Data extracted from a collection –
=== Begin Enclosure ===
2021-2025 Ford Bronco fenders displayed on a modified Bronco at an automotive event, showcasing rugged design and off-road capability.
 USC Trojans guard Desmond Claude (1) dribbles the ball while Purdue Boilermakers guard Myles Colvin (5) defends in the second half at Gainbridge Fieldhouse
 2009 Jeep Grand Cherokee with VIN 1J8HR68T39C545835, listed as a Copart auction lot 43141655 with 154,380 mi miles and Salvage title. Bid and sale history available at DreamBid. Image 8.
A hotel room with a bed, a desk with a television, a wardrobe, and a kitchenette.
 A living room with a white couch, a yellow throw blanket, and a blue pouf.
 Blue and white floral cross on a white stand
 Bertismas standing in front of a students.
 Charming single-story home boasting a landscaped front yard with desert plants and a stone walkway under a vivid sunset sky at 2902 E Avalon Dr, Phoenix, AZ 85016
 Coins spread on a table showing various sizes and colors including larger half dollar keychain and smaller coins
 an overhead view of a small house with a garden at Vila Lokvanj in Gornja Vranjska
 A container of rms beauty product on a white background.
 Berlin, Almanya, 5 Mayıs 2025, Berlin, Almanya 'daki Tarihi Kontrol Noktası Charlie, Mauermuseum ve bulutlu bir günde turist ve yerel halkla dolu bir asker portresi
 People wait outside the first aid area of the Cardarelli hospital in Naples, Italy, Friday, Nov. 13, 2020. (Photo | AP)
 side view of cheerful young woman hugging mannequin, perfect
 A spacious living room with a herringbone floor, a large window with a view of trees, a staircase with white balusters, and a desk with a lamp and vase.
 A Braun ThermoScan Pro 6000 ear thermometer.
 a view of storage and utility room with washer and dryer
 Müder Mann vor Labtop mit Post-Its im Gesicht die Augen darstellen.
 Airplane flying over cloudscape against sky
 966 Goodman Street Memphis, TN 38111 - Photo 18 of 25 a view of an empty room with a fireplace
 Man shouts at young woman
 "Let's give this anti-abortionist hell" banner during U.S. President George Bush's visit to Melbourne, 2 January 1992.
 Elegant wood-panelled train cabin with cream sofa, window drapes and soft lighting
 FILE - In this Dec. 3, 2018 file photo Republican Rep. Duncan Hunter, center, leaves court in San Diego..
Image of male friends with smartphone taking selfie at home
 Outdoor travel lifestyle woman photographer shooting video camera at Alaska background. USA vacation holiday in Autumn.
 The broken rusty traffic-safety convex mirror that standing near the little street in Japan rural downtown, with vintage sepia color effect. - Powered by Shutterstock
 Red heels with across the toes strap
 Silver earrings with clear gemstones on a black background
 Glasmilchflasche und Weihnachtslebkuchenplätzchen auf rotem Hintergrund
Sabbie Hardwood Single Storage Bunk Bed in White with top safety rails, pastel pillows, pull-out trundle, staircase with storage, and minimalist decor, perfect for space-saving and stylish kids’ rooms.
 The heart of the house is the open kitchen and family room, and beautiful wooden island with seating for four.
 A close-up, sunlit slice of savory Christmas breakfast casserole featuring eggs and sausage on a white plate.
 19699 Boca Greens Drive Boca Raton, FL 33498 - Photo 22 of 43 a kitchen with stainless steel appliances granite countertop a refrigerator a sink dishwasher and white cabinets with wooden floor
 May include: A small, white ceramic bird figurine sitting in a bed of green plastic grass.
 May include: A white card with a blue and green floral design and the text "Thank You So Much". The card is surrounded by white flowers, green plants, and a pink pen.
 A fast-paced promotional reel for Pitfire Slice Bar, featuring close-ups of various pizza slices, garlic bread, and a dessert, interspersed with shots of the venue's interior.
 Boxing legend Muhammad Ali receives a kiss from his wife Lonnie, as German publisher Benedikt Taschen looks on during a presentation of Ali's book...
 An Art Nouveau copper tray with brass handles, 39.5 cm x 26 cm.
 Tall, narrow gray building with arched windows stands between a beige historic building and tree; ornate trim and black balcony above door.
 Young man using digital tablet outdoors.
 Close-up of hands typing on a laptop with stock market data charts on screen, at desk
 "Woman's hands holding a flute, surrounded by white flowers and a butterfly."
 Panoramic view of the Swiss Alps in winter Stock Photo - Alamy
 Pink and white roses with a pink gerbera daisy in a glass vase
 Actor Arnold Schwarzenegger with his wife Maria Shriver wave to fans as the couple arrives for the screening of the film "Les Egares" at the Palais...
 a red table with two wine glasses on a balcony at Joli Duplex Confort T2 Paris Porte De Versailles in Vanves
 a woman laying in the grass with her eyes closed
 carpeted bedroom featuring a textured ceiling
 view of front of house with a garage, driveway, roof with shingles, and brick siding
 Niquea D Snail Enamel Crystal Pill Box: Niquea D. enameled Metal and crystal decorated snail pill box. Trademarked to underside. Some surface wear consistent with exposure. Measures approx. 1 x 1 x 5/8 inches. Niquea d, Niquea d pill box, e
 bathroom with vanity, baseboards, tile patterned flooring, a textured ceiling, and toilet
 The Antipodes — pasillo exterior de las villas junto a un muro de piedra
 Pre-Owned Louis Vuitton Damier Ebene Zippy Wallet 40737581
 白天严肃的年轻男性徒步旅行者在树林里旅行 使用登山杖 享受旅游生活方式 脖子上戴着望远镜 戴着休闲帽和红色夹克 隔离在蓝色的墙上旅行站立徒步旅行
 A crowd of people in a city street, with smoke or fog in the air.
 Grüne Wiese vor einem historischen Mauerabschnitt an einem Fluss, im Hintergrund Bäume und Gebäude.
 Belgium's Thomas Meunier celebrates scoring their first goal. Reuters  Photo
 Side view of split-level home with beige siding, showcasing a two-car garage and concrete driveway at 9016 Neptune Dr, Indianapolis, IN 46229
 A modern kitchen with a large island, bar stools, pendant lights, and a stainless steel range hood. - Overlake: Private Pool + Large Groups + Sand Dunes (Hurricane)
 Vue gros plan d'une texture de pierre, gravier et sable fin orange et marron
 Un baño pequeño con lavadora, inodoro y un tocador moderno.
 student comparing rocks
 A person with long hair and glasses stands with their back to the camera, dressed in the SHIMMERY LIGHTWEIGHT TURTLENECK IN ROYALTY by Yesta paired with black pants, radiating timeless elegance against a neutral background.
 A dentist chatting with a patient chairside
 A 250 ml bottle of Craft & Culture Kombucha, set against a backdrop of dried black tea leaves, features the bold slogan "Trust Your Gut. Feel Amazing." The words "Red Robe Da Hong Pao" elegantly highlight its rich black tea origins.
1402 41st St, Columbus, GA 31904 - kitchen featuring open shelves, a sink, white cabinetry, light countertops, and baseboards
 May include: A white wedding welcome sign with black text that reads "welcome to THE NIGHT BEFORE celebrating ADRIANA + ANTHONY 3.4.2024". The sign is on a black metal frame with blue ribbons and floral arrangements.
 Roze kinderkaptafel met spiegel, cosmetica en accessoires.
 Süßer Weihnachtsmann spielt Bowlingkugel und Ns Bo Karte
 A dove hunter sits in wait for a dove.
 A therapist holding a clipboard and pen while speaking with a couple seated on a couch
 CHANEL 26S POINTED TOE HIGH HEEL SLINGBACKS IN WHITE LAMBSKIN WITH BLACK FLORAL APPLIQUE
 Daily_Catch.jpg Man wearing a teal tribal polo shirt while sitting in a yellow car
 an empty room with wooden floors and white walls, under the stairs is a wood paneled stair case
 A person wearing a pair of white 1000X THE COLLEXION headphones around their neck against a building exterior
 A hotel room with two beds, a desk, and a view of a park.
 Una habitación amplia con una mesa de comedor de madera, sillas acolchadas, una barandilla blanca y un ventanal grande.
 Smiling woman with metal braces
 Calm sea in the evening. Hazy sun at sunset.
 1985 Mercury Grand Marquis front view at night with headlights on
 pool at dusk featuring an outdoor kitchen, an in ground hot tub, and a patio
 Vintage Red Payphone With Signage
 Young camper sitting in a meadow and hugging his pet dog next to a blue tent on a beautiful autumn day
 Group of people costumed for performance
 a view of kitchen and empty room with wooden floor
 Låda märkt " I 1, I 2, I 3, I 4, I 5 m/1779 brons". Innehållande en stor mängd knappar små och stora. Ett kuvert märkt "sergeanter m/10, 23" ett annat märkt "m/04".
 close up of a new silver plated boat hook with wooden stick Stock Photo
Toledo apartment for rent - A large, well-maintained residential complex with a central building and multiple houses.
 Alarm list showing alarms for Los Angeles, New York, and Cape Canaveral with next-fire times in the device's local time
=== End Enclosure ===
INSTRUCTIONS FOR THE TASK – Copy out, word for word, the part of the entries above that begins at the line with "Actor Arnold Schwarzenegger" and ends at the line with "Side view of split-level", including both.

PROBLEM SOLUTION –
 Actor Arnold Schwarzenegger with his wife Maria Shriver wave to fans as the couple arrives for the screening of the film "Les Egares" at the Palais...
 a red table with two wine glasses on a balcony at Joli Duplex Confort T2 Paris Porte De Versailles in Vanves
 a woman laying in the grass with her eyes closed
 carpeted bedroom featuring a textured ceiling
 view of front of house with a garage, driveway, roof with shingles, and brick siding
 Niquea D Snail Enamel Crystal Pill Box: Niquea D. enameled Metal and crystal decorated snail pill box. Trademarked to underside. Some surface wear consistent with exposure. Measures approx. 1 x 1 x 5/8 inches. Niquea d, Niquea d pill box, e
 bathroom with vanity, baseboards, tile patterned flooring, a textured ceiling, and toilet
 The Antipodes — pasillo exterior de las villas junto a un muro de piedra
 Pre-Owned Louis Vuitton Damier Ebene Zippy Wallet 40737581
 白天严肃的年轻男性徒步旅行者在树林里旅行 使用登山杖 享受旅游生活方式 脖子上戴着望远镜 戴着休闲帽和红色夹克 隔离在蓝色的墙上旅行站立徒步旅行
 A crowd of people in a city street, with smoke or fog in the air.
 Grüne Wiese vor einem historischen Mauerabschnitt an einem Fluss, im Hintergrund Bäume und Gebäude.
 Belgium's Thomas Meunier celebrates scoring their first goal. Reuters  Photo
 Side view of split-level home with beige siding, showcasing a two-car garage and concrete driveway at 9016 Neptune Dr, Indianapolis, IN 46229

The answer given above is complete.